Ukrainians are one of the Canadian Prairie Provinces' largest ethnic groups. In recognition of this legacy, in 1972, a group of eleven members of the Ukrainian community in Edmonton, led by Hryhory and Stefania Yopyk, decided to establish a facility for the preservation of the history and culture of Canadians of Ukrainian heritage. The official opening date of the museum is 27 October 1974.

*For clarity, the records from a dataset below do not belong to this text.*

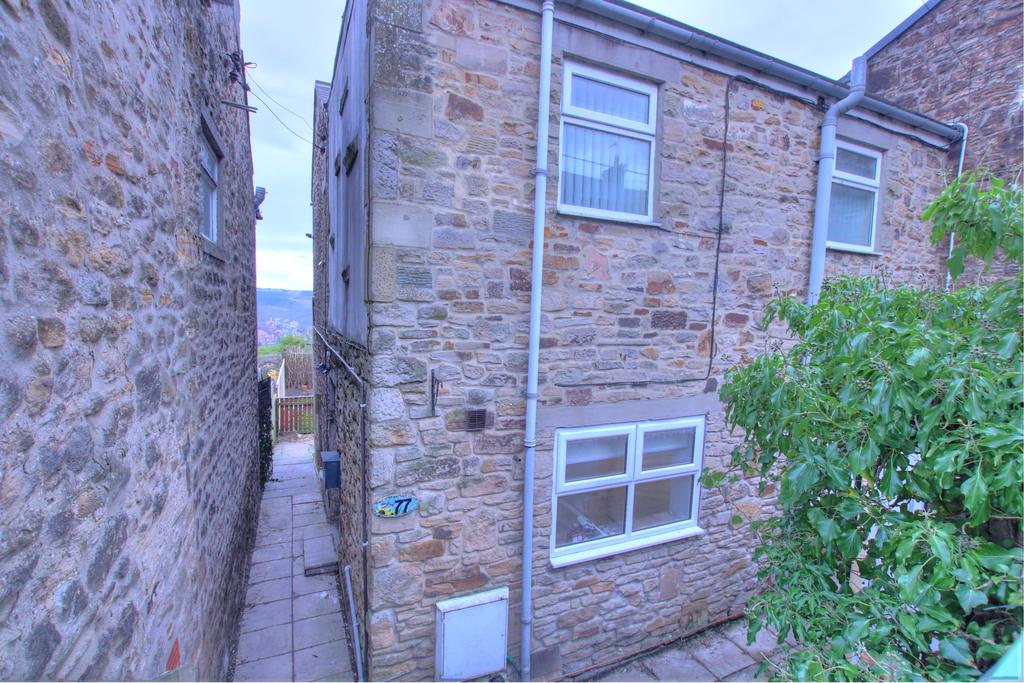 Benfieldside Road, Shotley Bridge, DH8 3 bed semidetached house £725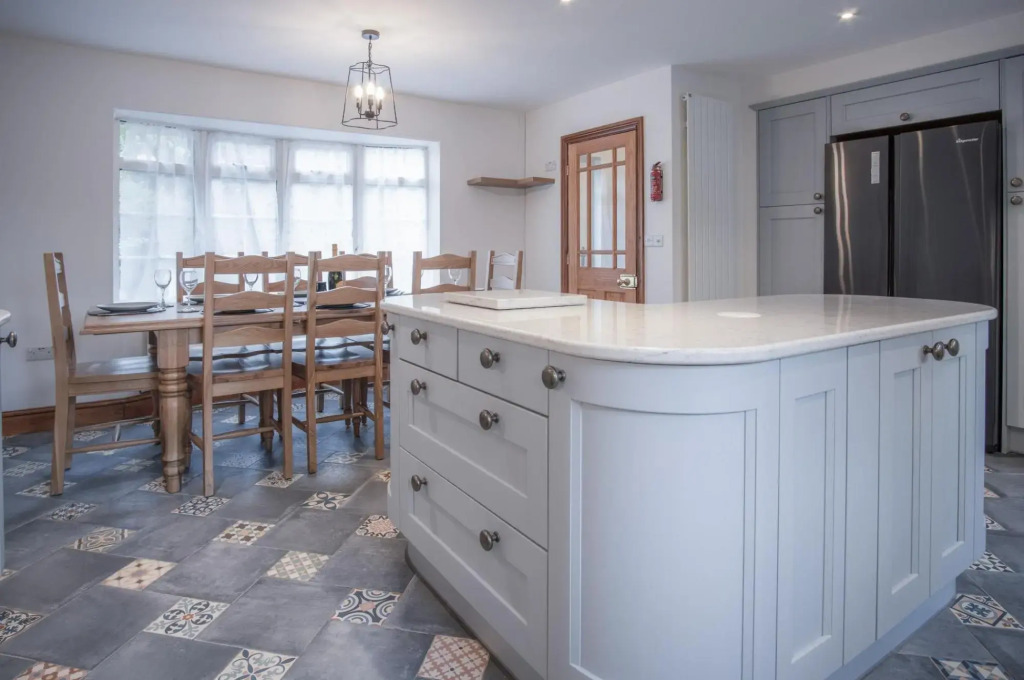 Pendeilo Villa - 5 Bedroom Holiday Home - Amroth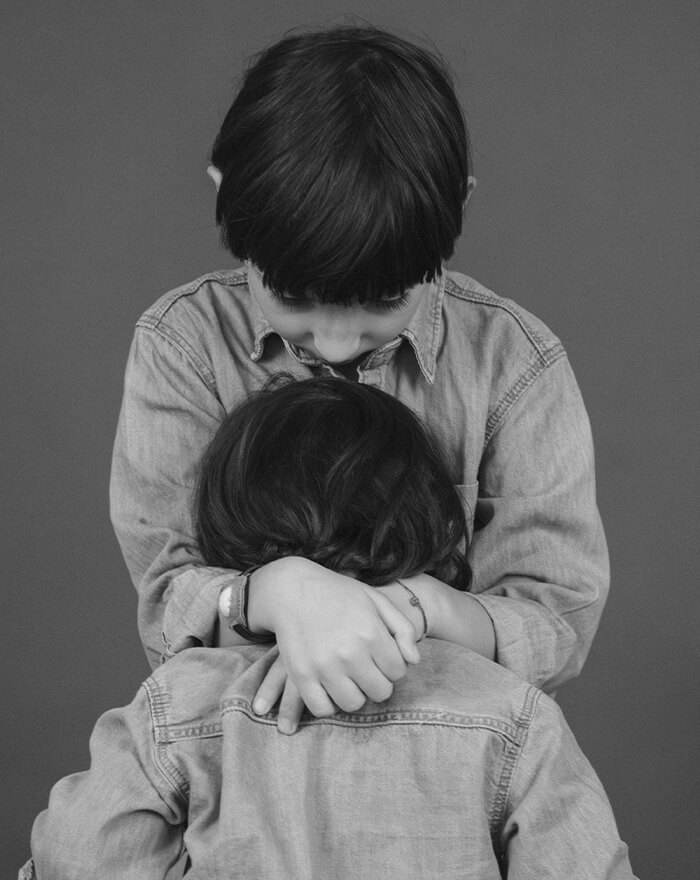 Due fratelli abbracciati, fotografia in bianco e nero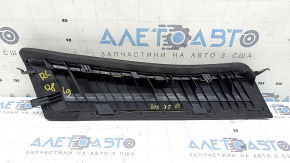 Боковушка 2-го ряду сидінь ліва Audi Q8 19-23 шкіра чорна ANTHRAZIT, тріщина у кріпленні, в кіптяві
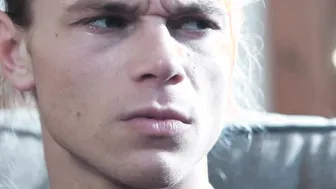 Young stud Johnny Moon seduces older jock Pierce Paris for bareback fuck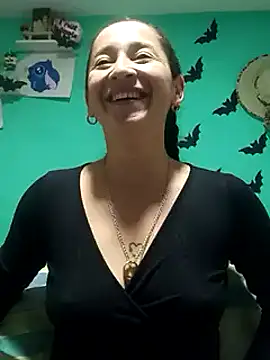 Snapshot of emilypoppy3 chatting on 02-13-25, 08:03 emilypoppy3 online show from 02-13-25, 08:03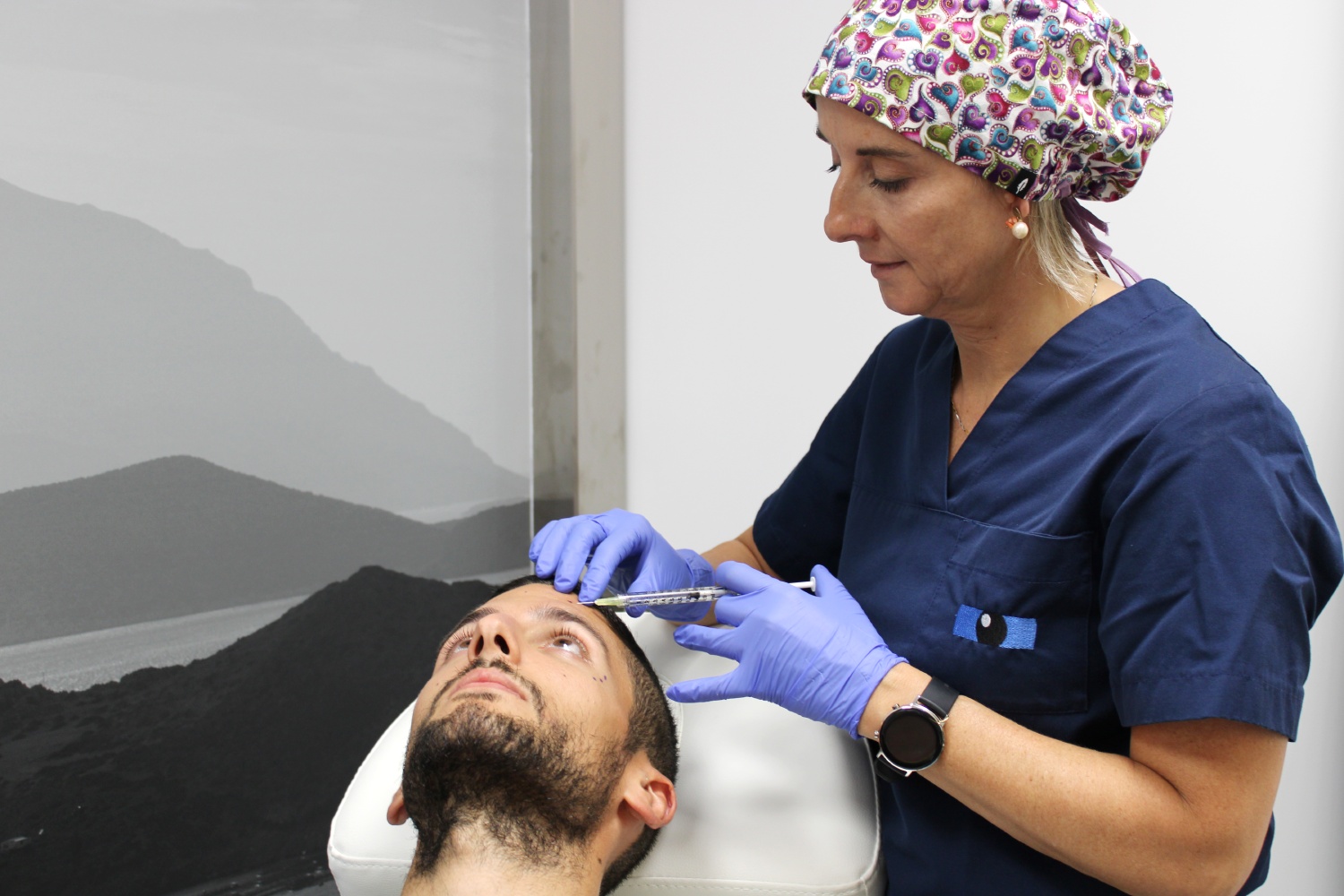 La Dra Ibáñez administra un tractament d'estètica periocular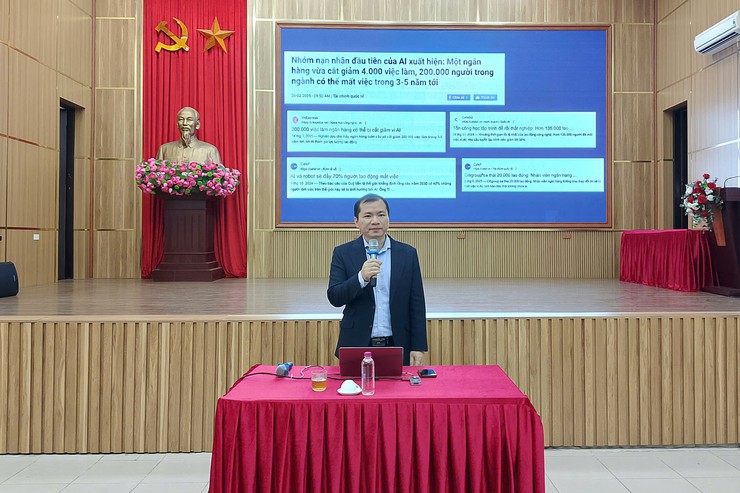 Xã Bát Tràng tập huấn ứng dụng trí tuệ nhân tạo cho cán bộ, công chức, viên chức- Ảnh 2.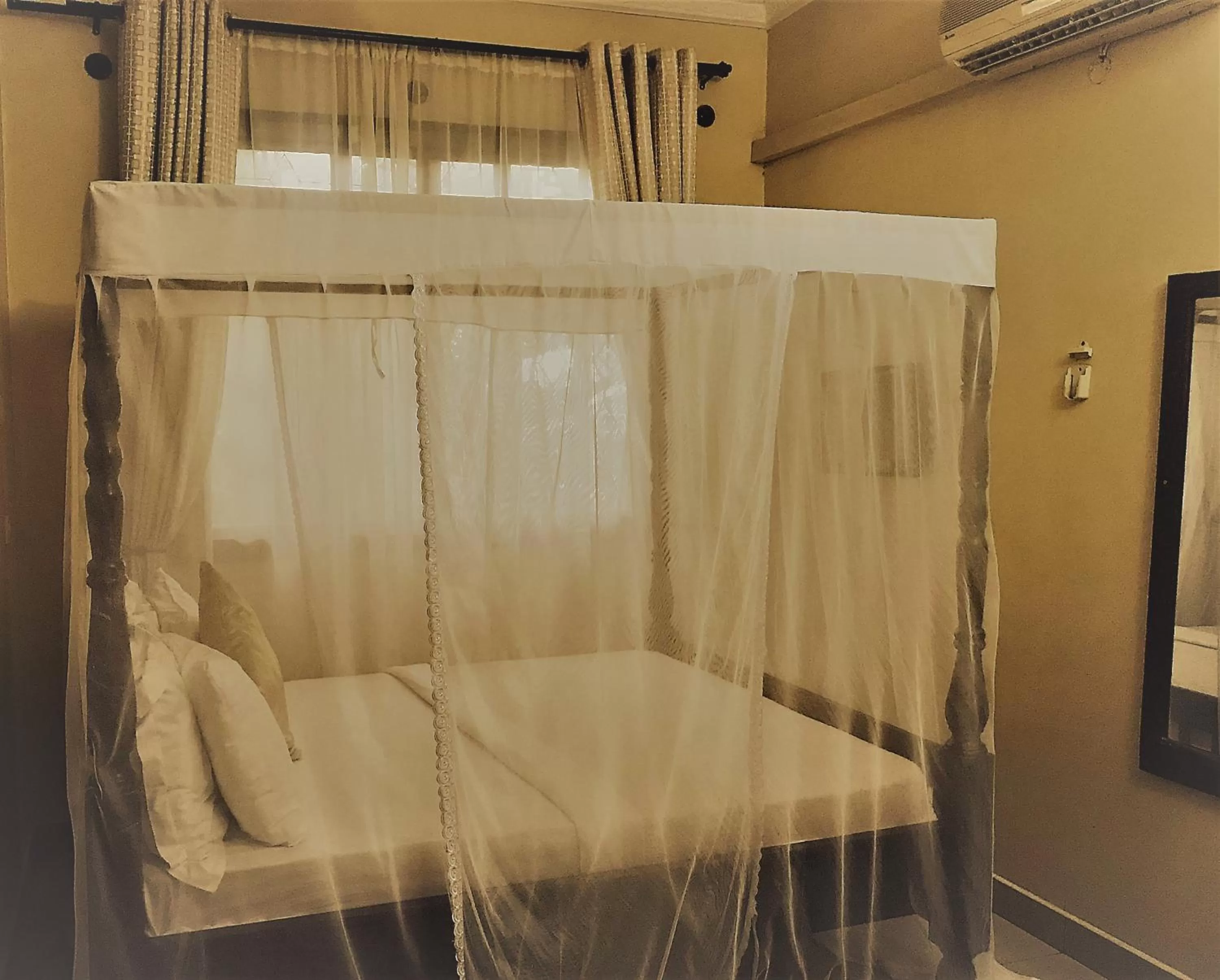 Bedroom in Transit Airport B&B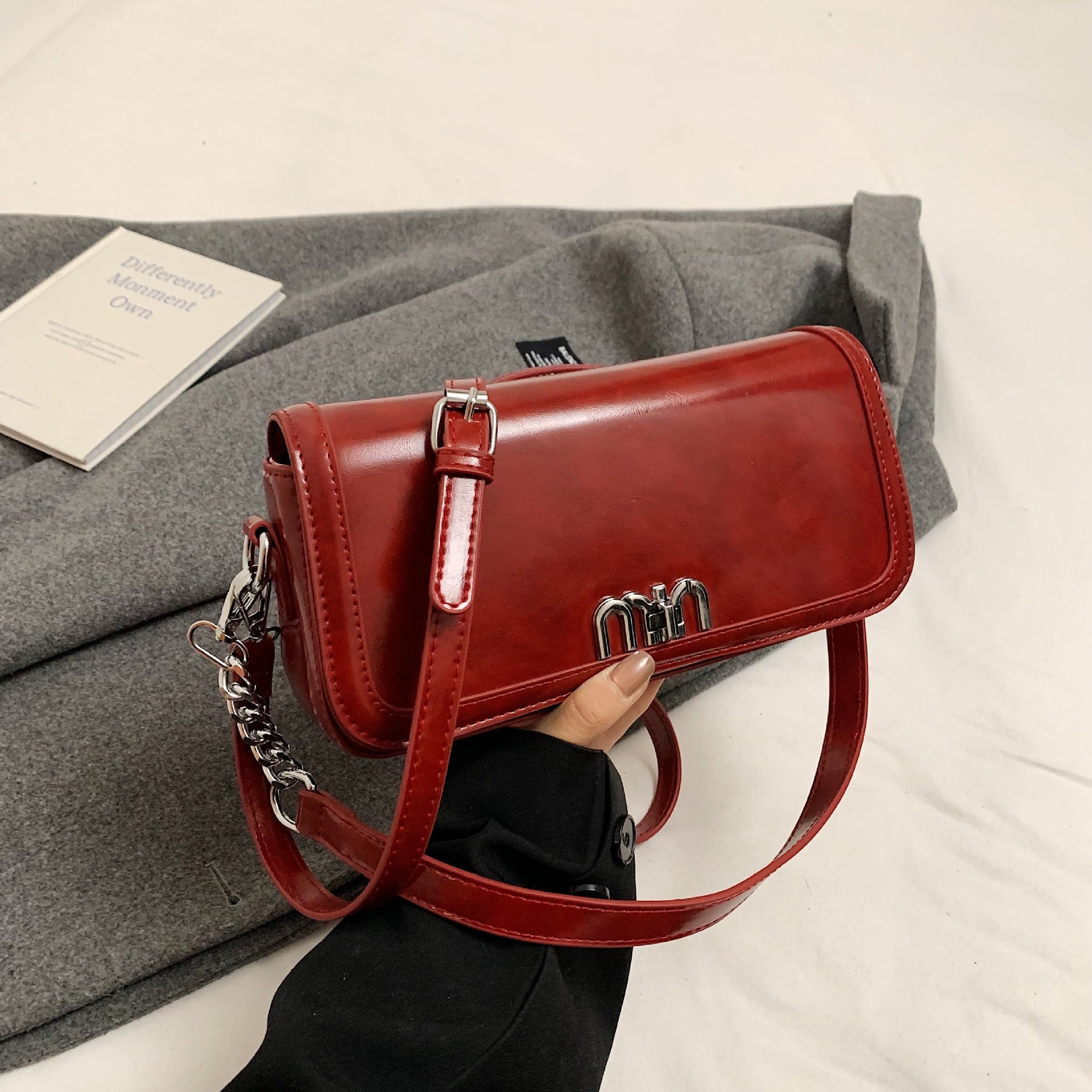 Tide Premium Oil Wax Leather Crossbody Shoulder Bag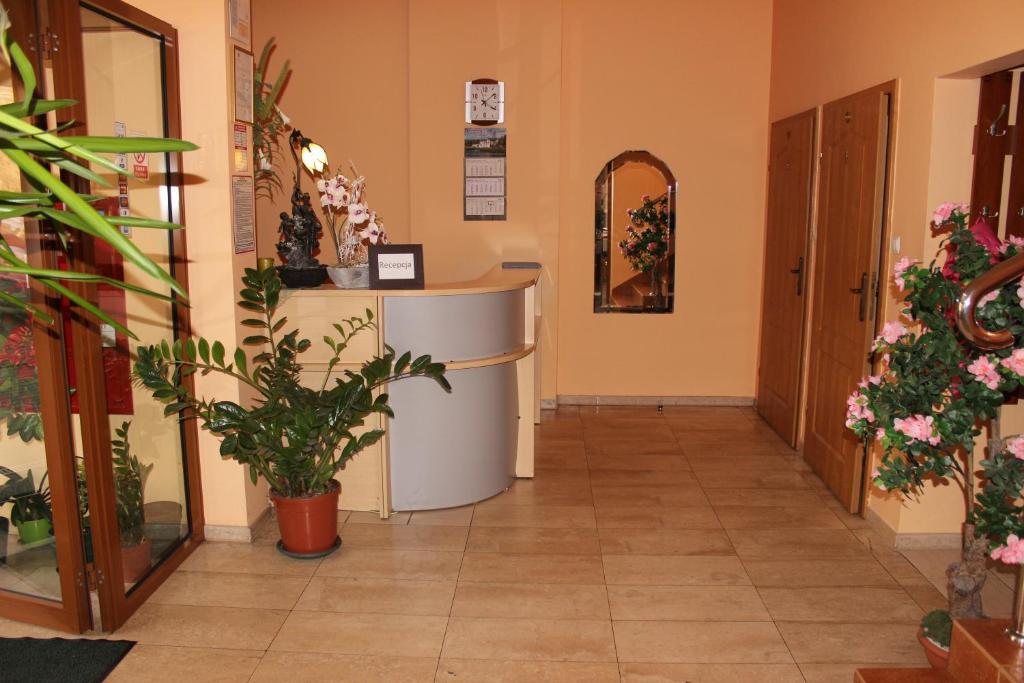 Hotel Czardasz Września Екстериор снимка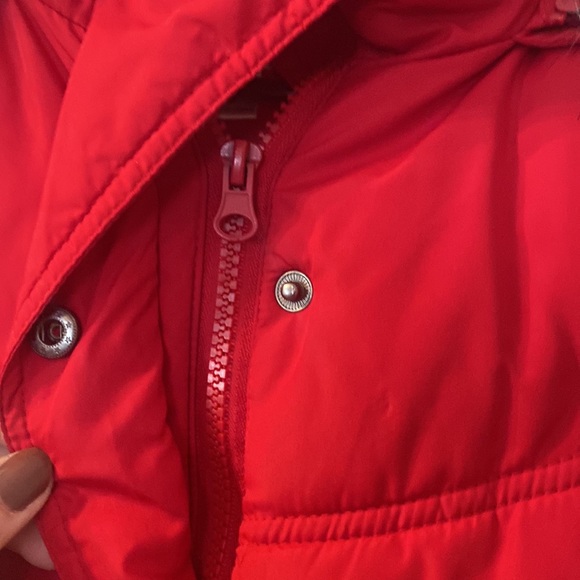 Maurice’s red vest with plaid furry hood size small - Picture 4 of 8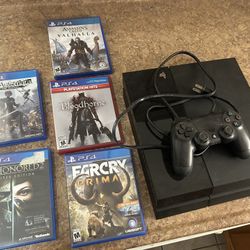 PS4 + 5 games and controller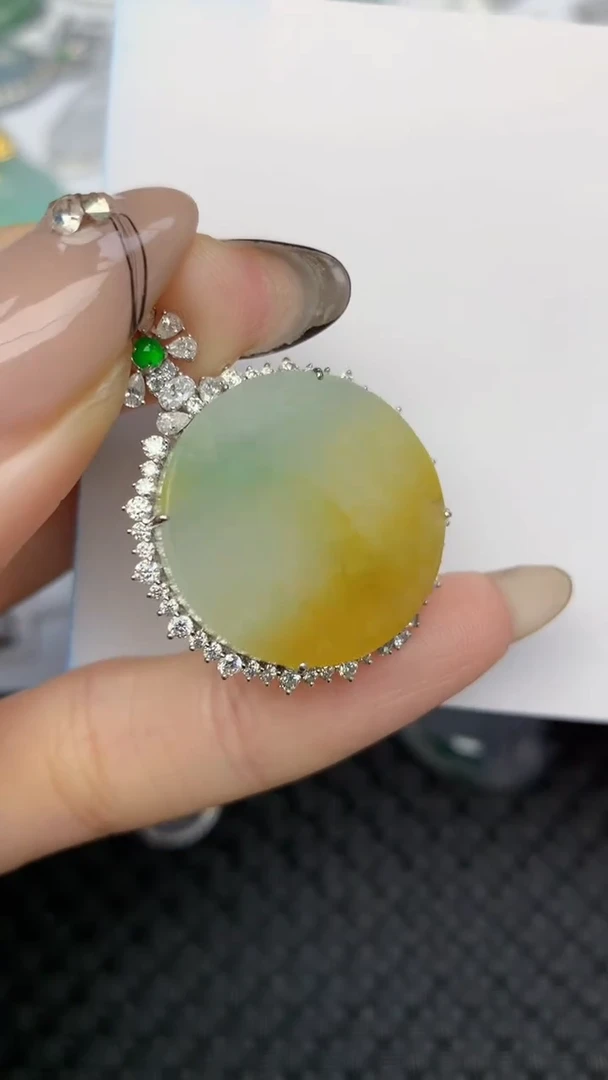 颈饰18K金镶嵌翡翠天然缅甸翡翠a货百元以上9元证书费自理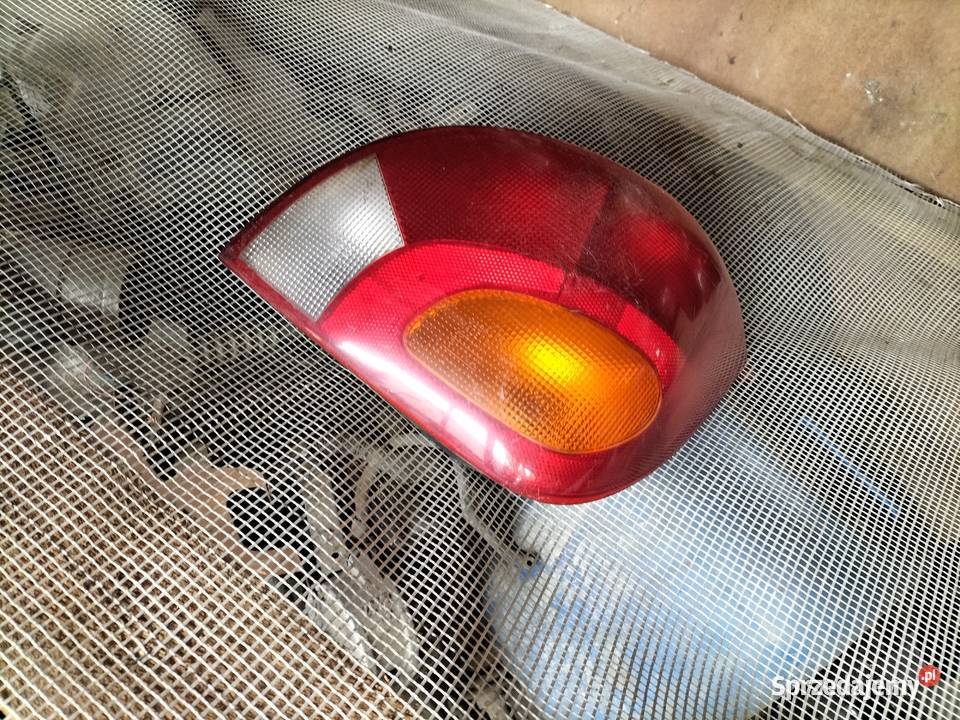 Ford Fiesta MK5 LAMPA TYL TYLNA PRAWA Oświetlenie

In 2003, the museum acquired the Lodge Hotel and the Brighton Block on Jasper Avenue, and obtained C$9.2 million from the city, province and federal government for a C$13 million renovation. This location has always had close ties with the Ukrainian community, as it was a home for many Ukrainian businesses in the area. Construction began in 2012. Since then, renovation costs have increased to C$22 million. To raise money, the museum plans to sell the Brighton Block to pay for development of the museum in the former Hotel. Ken Cantor and Primavera Development Group have agreed to purchase the property, dependent upon the city allowing him to make specific changes to the building, which is a protected municipal historic resource.
Collection of the museum
Mr. Yopyk started working on the collection in the mid 1960s. His initial approach was contacting the local Ukrainian newspaper and publishing an article that encouraged other Ukrainians to donate books, personal belongings and other printed material. The collection started expanding and Mr. Yopyk started traveling around Alberta on the weekends to meet with the people who were willing to donate things for his archives. Hryhory also carried the camera with him, as he enjoyed taking photographs of the churches in rural Alberta. At first, Mr. Yopyk kept the collection at home, but as he was expanding the archives, he initially ran out of space and that is when he developed the idea about creating a whole museum out of something he simply enjoyed doing.